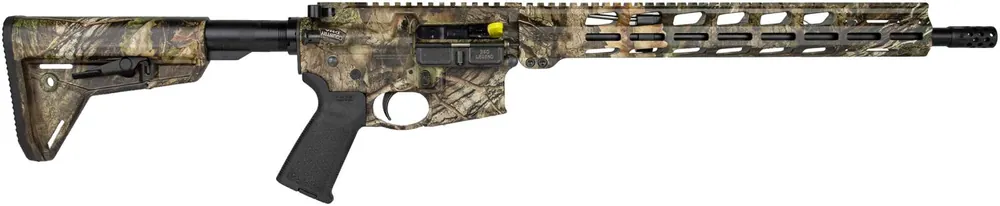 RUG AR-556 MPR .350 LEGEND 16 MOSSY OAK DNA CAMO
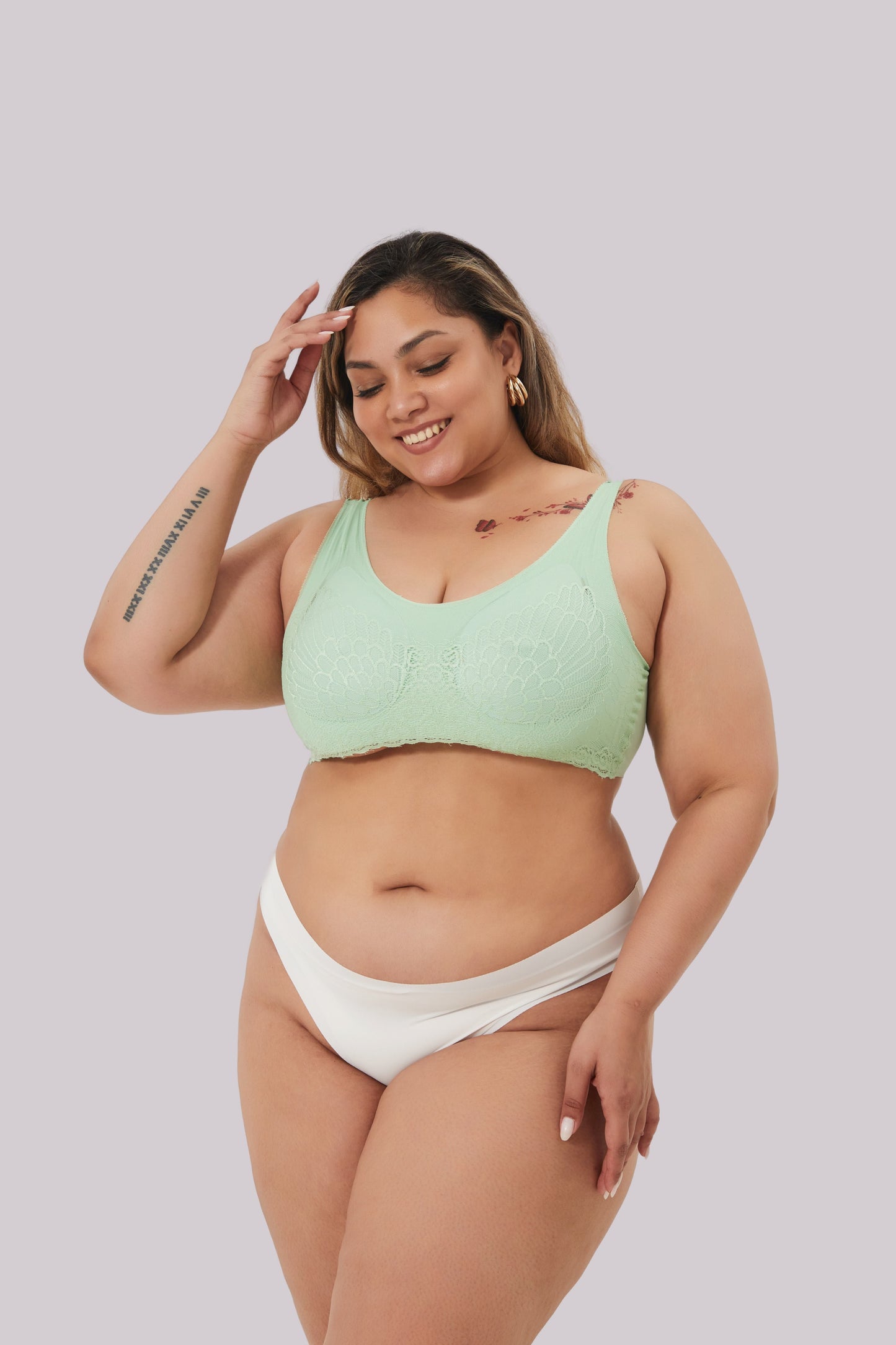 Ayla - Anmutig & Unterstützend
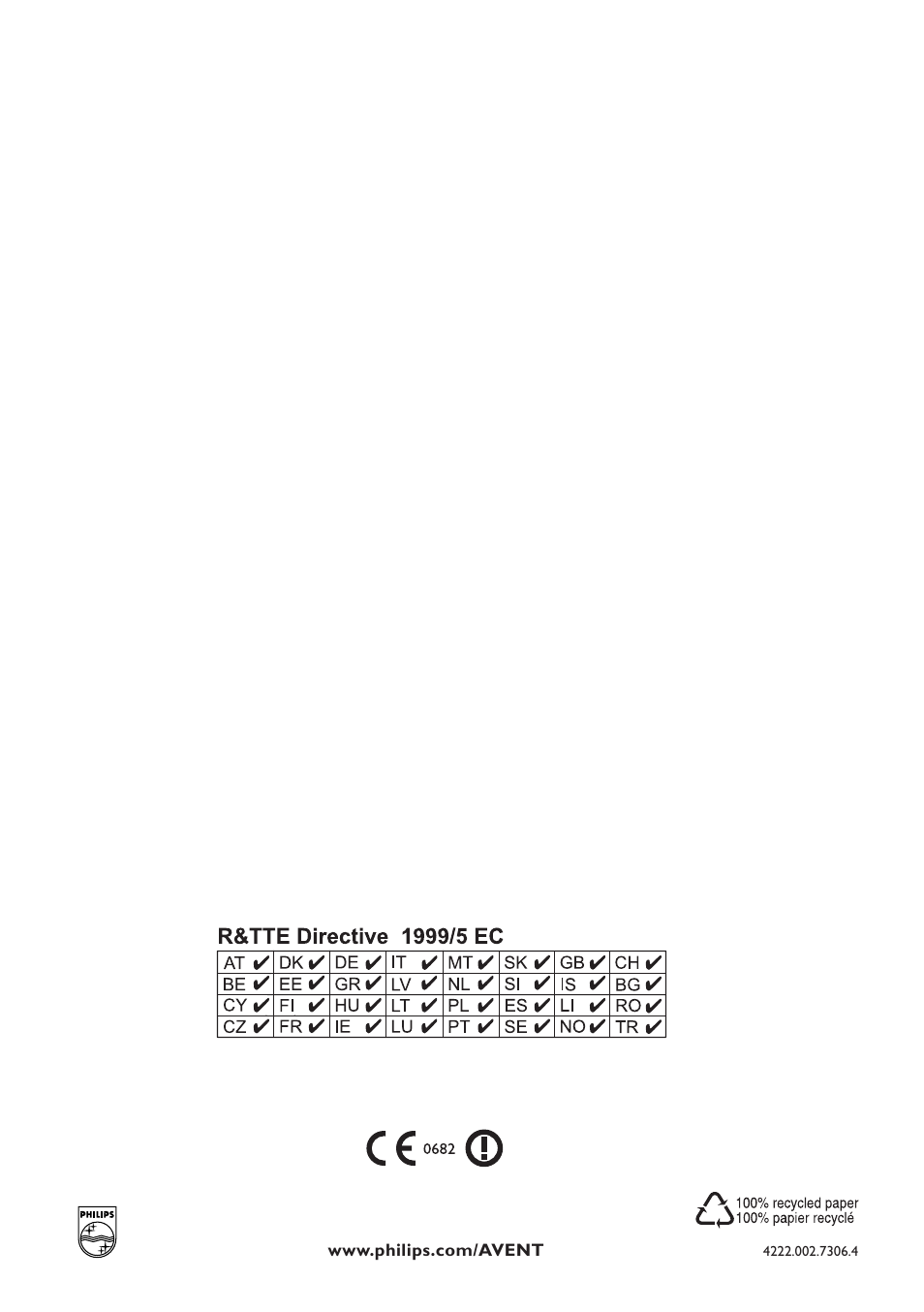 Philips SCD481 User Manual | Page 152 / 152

══════

Strip the images and return the remaining data exactly.

• [Solution to this task]:
 RUG AR-556 MPR .350 LEGEND 16 MOSSY OAK DNA CAMO
 Ayla - Anmutig & Unterstützend
 Philips SCD481 User Manual | Page 152 / 152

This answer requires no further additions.